Don't delete-uninstall instead

Windows not only keeps track of all your programs, it also stores the tools you need to uninstall programs. When you don't take time to go through the correct process to uninstall old programs, you'll have stale leftovers rotting in your registry.

A good registry cleaner can help you edit the Windows Add/Remove list, completely erasing all those leftover files from deleted applications. This frees up disk space that can be used for more important items.

Defrag the hard drive and the registry regularly

There are two types of defrags you should perform monthly (or even weekly if you use your computer a lot). You need to defragment your hard drive as well as your registry. Typically, you will receive a defragmenting tool with your operating system software.

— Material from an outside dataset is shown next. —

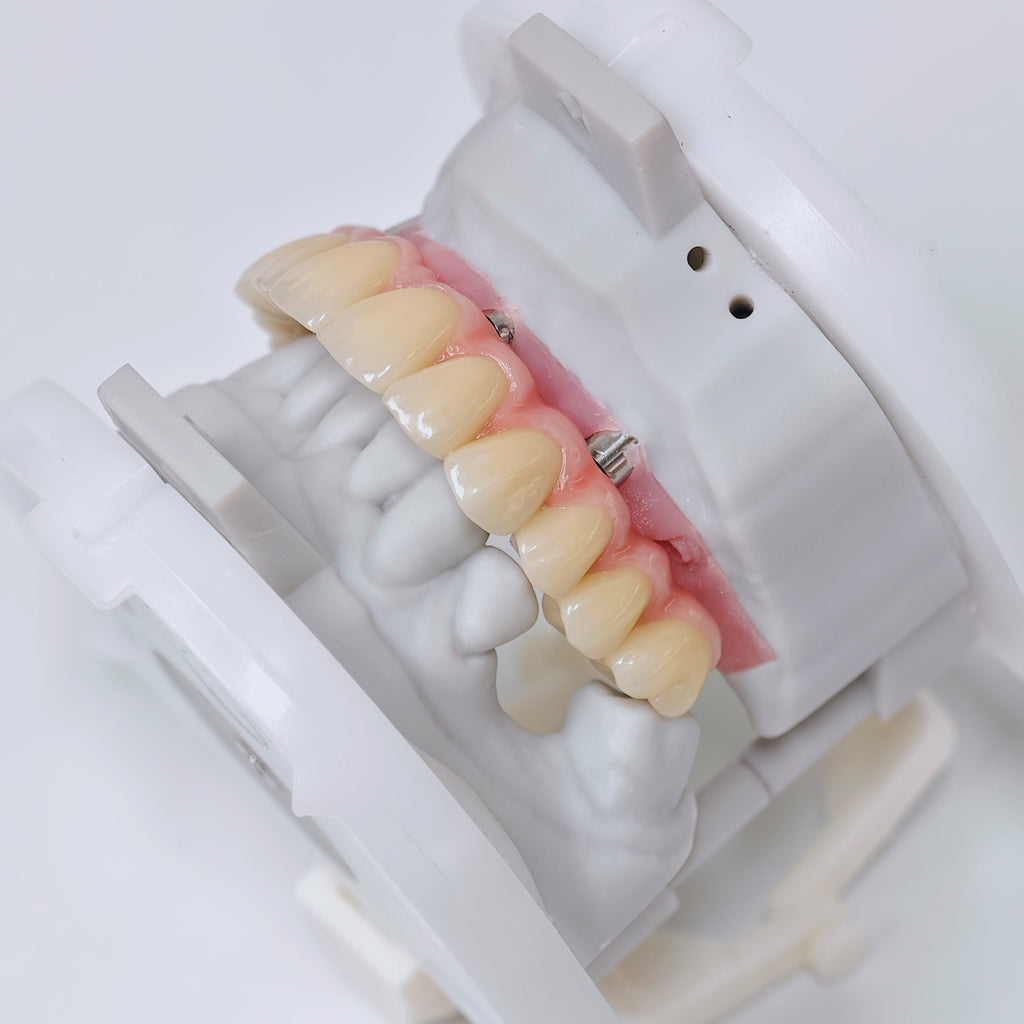 Malo Bridge With Screw-Retained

What defragers do is rearrange and group scattered bits of program data together. Data becomes scattered with normal use since your computer will plug in data where ever it is most convenient at the time, filling holes left by programs that have moved. If your hard drive gets too cluttered, your computer may plug a new application into a half-dozen tiny slots. This partitioning makes loading time far longer.

Scandisk or another registry scanner can also find and fix most errors on your hard drive. Both will make your software programs run faster and more organized software speed your computer's boot time.

Registry defragers come with registry cleaning software. Like any database, your registry will become cluttered and fragmented with use and you should defragment the system to keep it running smoothly.

Adjust your restore settings

Windows XP reserves 12% of the hard disk space for restore points by default; the size of your hard drive is irrelevant. Restore points means "restore your computer to previous points in time." This system backs up your registry and other vital files regularly, usually when you install new applications. If your system is ever severely damaged, you can travel back in time on your computer to a previous point and restore your settings at that point. Typically, your operating system will store new reference points daily or whenever you make changes, such as installing a program.

So why mess with the 12% default to store these points? Doing so will give you more storage wiggle room on your hard drive. If you keep your computer clean you don't really need more than 5% or 6% of a large hard drive reserved for restore points; this isn't a full backup-it's far smaller.

You can manually lower this amount simply by right clicking on My Computer, then Select Properties. This will take you to your System Properties screen. Select the System Restore tab. In the middle of this screen you will see a slider bar that will allow you to decrease the amount of space Windows XP reserves. This will free up a lot more space for you to use.

If you get into the habit of taking care of your computer, it will take care of you. Like the rewards of brushing your teeth each day, regular maintenance is cheaper and faster in the long run than finding a cure after things go wrong. If you make these simple steps of computer maintenance a habit, you will give your system greater speed and stability and you'll give yourself peace of mind.